Battery Charging States: What You Need to Know
Batteries are in a constant state of change. Even if you’re not using them, they’re slowly discharging. When you do use them, they discharge even faster.
However, charging them back up and maintaining their charge is crucial to keeping them healthy and long-lasting.
- 1 Battery Charging States: What You Need to Know
- 1.1 Bulk Charge
- 1.2 Absorption (Regulation) Stage
- 1.3 Float Charge
- 1.4 Equalization Charge
- 1.5 Is it possible to charge a battery with a constant voltage?
- 1.6 Is it possible to charge a battery with a constant current?
- 1.7 What is the effect of temperature during charging?
- 1.8 What size of battery charger should you have?
- 1.9 Conclusion
There are four stages to battery charging, and each one is important to know. They are:
- Bulk Charge Stage,
- Absorption (Regulation) Stage,
- Float Charge,
- Equalization Charge.
Each state has a specific purpose and thus its own voltage, current, and temperature limits. Knowing these limits and how to properly charge your batteries will help you get the most out of them.
Here’s a quick rundown of each state.
The bulk charge is the initial charging state where the maximum current is delivered to the battery until it reaches a certain voltage. The primary purpose of the bulk charge is to bring the battery up to an acceptable voltage level.
During the bulk charging state, the current is applied to the batteries at the highest safe pace they will tolerate until the voltage reaches near (80-90%) full charge.
The battery voltage increases as the charging current supplied by the battery charger replenish the battery’s internal charge capacity. The charger current stays constant (flat), while the battery voltage increases during this stage.
After the battery voltage reaches its peak (full charge), the charger switches to the absorption mode.
Absorption (Regulation) Stage
The absorption charge is the second charging state where the voltage is increased to its maximum, while the current decreases. The purpose of this stage is to ensure that the battery is fully charged.
The absorption stage is where the battery charger applies a constant voltage to the batteries, while the current decreases as the batteries become closer to full charge. The battery voltage will remain constant during this stage, while the current decreases until it reaches a very low level (trickle charge).
At this point, the batteries are considered to be fully charged and the charger will switch to the float mode.
The float charge is the third and final charging state where the voltage is reduced to a level that maintains the battery in a fully charged state. The purpose of this stage is to keep the battery at full charge without overcharging it.
The float stage is where the charger applies a constant voltage to the batteries, while the current decreases to a very low level (trickle charge). The battery voltage will remain constant during this stage, while the current decreases until it reaches a very low level.
The equalization charge is an optional fourth stage that is sometimes used to bring all the cells in a battery pack to the same voltage.
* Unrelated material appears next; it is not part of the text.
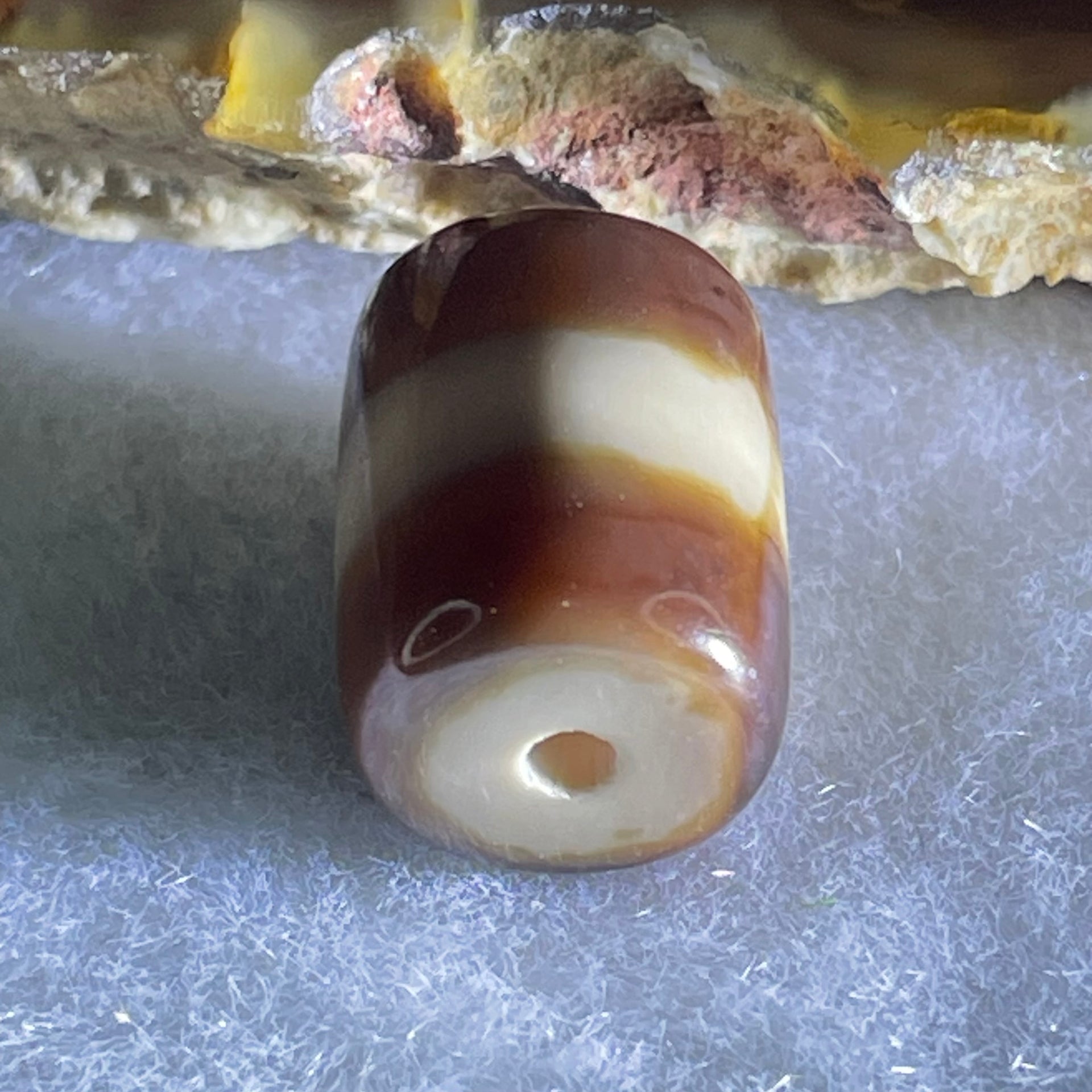 Natural Powerful Tibetan Old Oily Agate One Line Dzi Bead Heavenly Master (Tian Zhu) 2.44g 13.3 by 10.1mm - Huangs Jadeite and Jewelry Pte Ltd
This is done by applying a higher voltage to the batteries for a period of time.
The equalization stage is where the charger applies a higher voltage to the batteries for a period of time. This helps to bring all the cells in a battery pack to the same voltage.
Is it possible to charge a battery with a constant voltage?
Yes, it is possible to charge batteries with a constant voltage. Constant voltage charging charges batteries at a maximum voltage, often 13.8V to 15V, and a maximum current, depending on the charger specification.
When a “flat” battery has been charged for a period of time and the maximum voltage is approached, the charge current will decrease in proportion to the battery’s internal resistance. The time taken to decrease from the maximum voltage to the “trickle charge” current is known as the “top-off time.”
Is it possible to charge a battery with a constant current?
Yes, it is possible, but the process requires a specially designed charger that keeps a constant current until a certain voltage is reached.
These types of chargers aren’t very common. Because they can overcharge and overheat batteries if they are not carefully monitored and the battery temperature is not maintained.
What is the effect of temperature during charging?
The temperature has a significant effect on charging. Higher temperatures increase the rate of chemical reactions inside the battery, which can lead to faster charging and higher capacity.
However, if the temperature gets too high, it can damage the battery. That’s why it’s important to use a charger that has temperature correction so that it can adjust the charging rate according to the battery temperature.
For example, at 20°C, a 12V battery should be float charged at 13.5V. If the temperature is increased to 30°C, the float voltage should be brought to 13.3V in order to compensate for the higher temperature.
What size of battery charger should you have?
The size of the battery charger you need depends on the type and size of the battery you are using. However, as a general guideline, you should have a charger that can produce at least 10% of the battery capacity, i.e. a 15A charger for a 120Ah battery.
Please note, that this is just a guideline, and you should always check the manufacturer’s recommendations for the specific battery you are using.
Now that you know the different charging states of batteries, you can be sure that your batteries are properly charged. By using a charger with temperature compensation, you can ensure that your batteries are charged safely and efficiently.
And by using a charger that is the right size for your battery, you can be sure that your batteries will be properly charged without overcharging them.